Exercise goal:
Please reproduce the entries below exactly from the line with "Fantasie Mooie Zeemeermin" through their last line, leaving out any pictures.

━━━━━ Data for processing

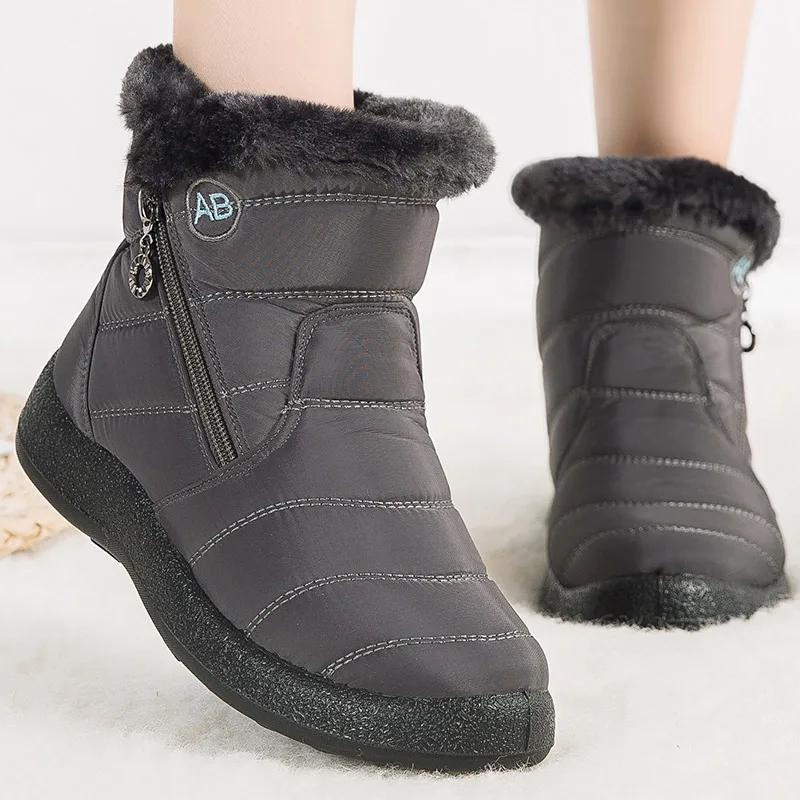 Women's Boots Winter Womens Comfortable Ankle Boots Fashion with Fur Shoes for Women Low Heels Waterproof Snow Boots Botas Mujer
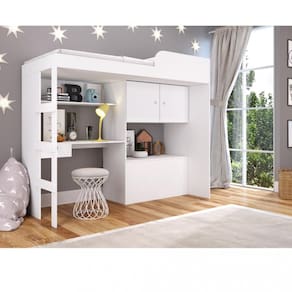 Cama Infantil Alta Multifuncional Baú Lion Art in Moveis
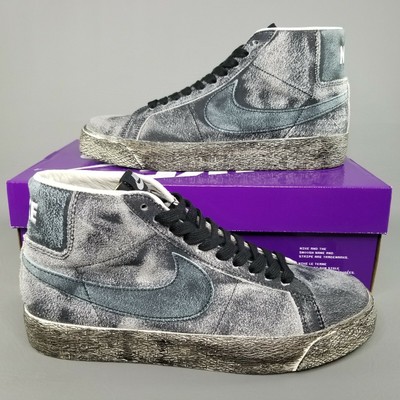 Nike Sb Zoom Blazer Mid Prm Faded Black Skate Shoes Mens Size 8 5 Da19 001 Ebay
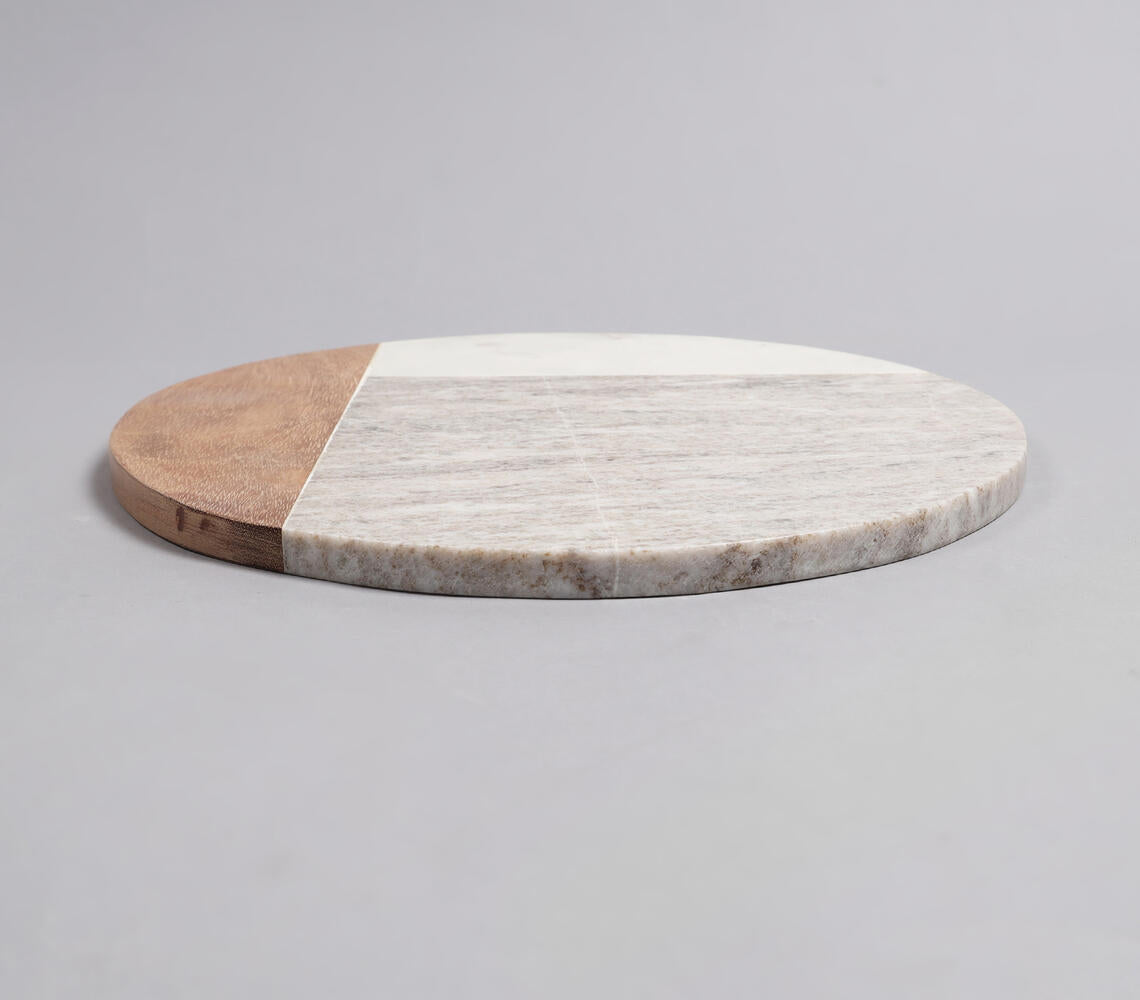 Marble &amp; Acacia Wood Colorblock Round Chopping Board-2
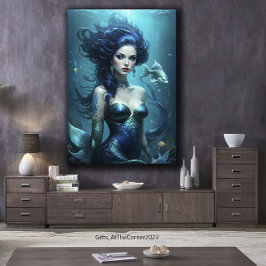 Fantasie Mooie Zeemeermin Prinses Blauw Onderwater Canvas Afdruk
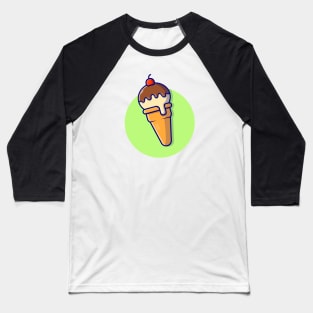 Ice Cream Cone Cartoon Vector Icon Illustration Baseball T-Shirt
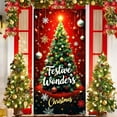 thumbnail image 1 of Linnome Santa Claus Pattern Christmas Door Cover 35x71 Inches, Festive Holiday Door Decoration for Home and Parties, 1 of 6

━━━━━━━━━━

Worked solution:
 Fantasie Mooie Zeemeermin Prinses Blauw Onderwater Canvas Afdruk
 Ice Cream Cone Cartoon Vector Icon Illustration Baseball T-Shirt
 thumbnail image 1 of Linnome Santa Claus Pattern Christmas Door Cover 35x71 Inches, Festive Holiday Door Decoration for Home and Parties, 1 of 6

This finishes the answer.